§ TASK GOAL
Starting with the line below that holds "Thanks for watching" and stopping after the line that holds "We'll go back", transcribe the lines exactly, leaving out all pictures.

§ DATA SHOWN
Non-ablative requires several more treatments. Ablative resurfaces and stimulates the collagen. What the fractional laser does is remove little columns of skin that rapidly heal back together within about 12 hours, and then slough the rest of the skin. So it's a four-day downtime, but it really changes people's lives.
==
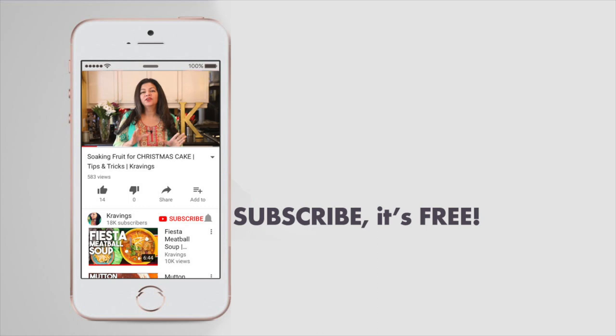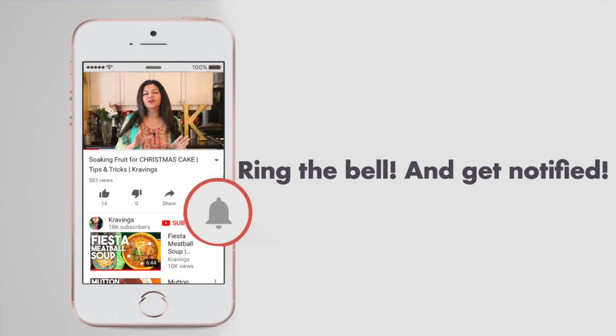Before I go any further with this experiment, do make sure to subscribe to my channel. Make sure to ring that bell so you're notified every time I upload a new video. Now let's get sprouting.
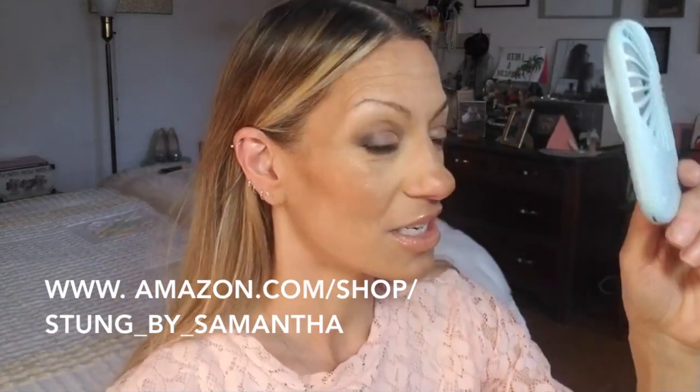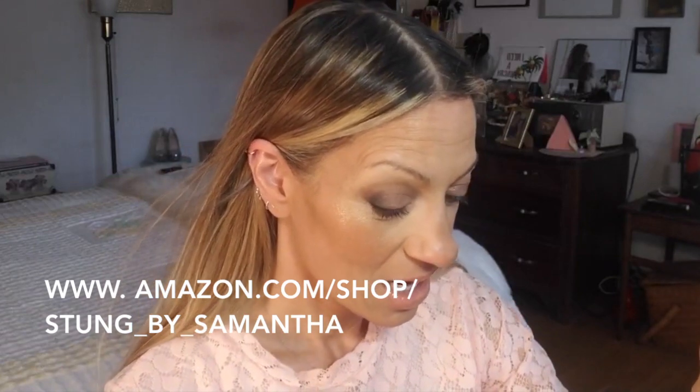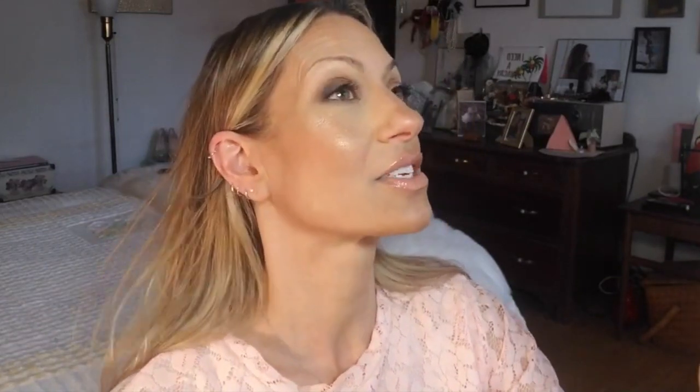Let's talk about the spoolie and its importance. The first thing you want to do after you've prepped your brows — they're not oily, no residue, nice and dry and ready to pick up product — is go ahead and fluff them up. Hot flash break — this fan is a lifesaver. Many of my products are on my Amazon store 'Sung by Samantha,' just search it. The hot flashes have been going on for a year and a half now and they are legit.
...
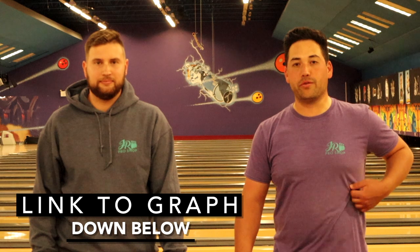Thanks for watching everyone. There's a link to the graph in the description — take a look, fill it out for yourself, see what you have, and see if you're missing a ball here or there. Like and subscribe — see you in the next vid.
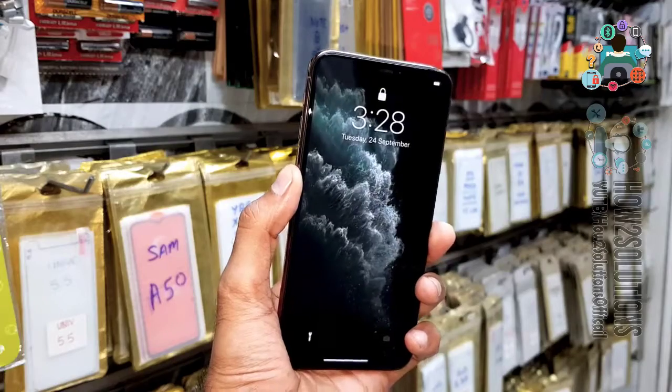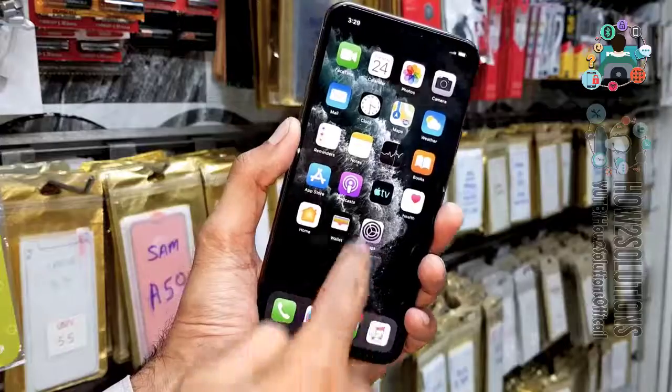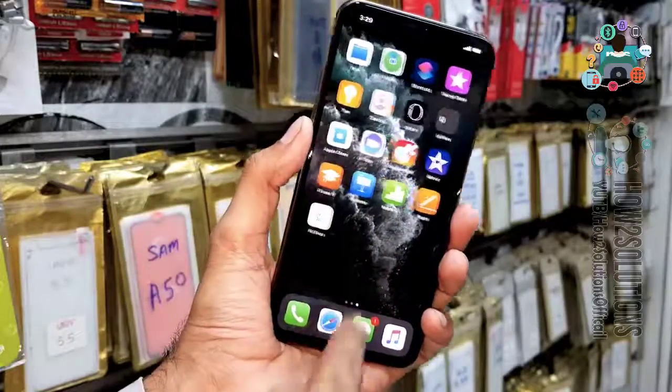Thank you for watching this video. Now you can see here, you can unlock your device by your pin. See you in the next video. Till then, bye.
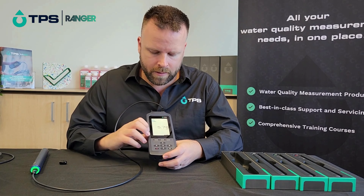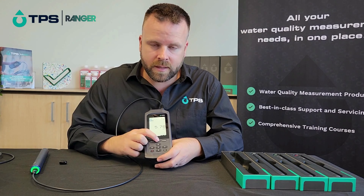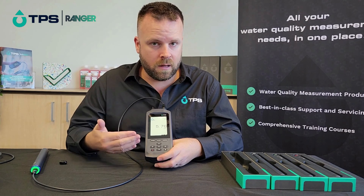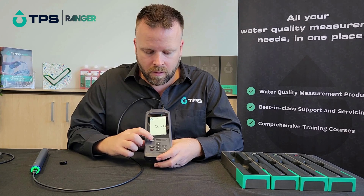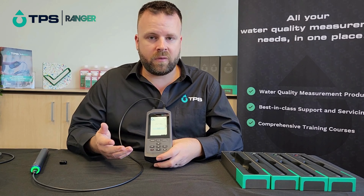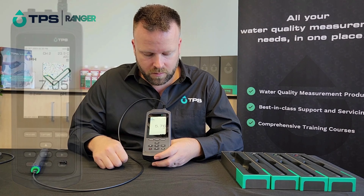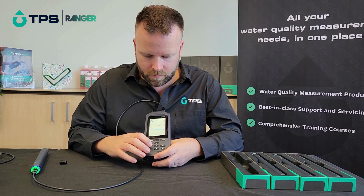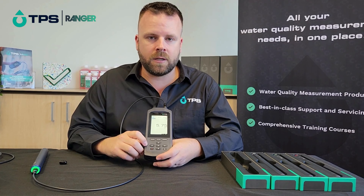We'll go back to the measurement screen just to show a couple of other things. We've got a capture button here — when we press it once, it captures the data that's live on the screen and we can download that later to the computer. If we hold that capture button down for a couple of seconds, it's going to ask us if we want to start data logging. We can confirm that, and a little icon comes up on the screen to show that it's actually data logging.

§ FINAL ANSWER
Thanks for watching everyone. There's a link to the graph in the description — take a look, fill it out for yourself, see what you have, and see if you're missing a ball here or there. Like and subscribe — see you in the next vid.
Thank you for watching this video. Now you can see here, you can unlock your device by your pin. See you in the next video. Till then, bye.
We'll go back to the measurement screen just to show a couple of other things. We've got a capture button here — when we press it once, it captures the data that's live on the screen and we can download that later to the computer. If we hold that capture button down for a couple of seconds, it's going to ask us if we want to start data logging. We can confirm that, and a little icon comes up on the screen to show that it's actually data logging.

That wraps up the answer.